Using the listing below, set down each line from the line containing "Daria Green Chiffon Printed Dress" through the line containing "MS license plate JGN538", both ends included, exactly and with nothing added.

**Information shown:**
::::
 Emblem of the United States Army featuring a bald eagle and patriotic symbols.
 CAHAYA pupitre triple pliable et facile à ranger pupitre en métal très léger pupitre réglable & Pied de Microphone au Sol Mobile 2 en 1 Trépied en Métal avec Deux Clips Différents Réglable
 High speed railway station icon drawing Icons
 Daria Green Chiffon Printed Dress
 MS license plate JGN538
::::
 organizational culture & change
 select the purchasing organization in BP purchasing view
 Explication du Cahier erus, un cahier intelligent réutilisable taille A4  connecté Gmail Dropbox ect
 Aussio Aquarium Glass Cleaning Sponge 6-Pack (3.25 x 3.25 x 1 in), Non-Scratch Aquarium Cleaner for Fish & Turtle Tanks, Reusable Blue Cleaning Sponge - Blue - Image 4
::::
**Task solution:**
 Daria Green Chiffon Printed Dress
 MS license plate JGN538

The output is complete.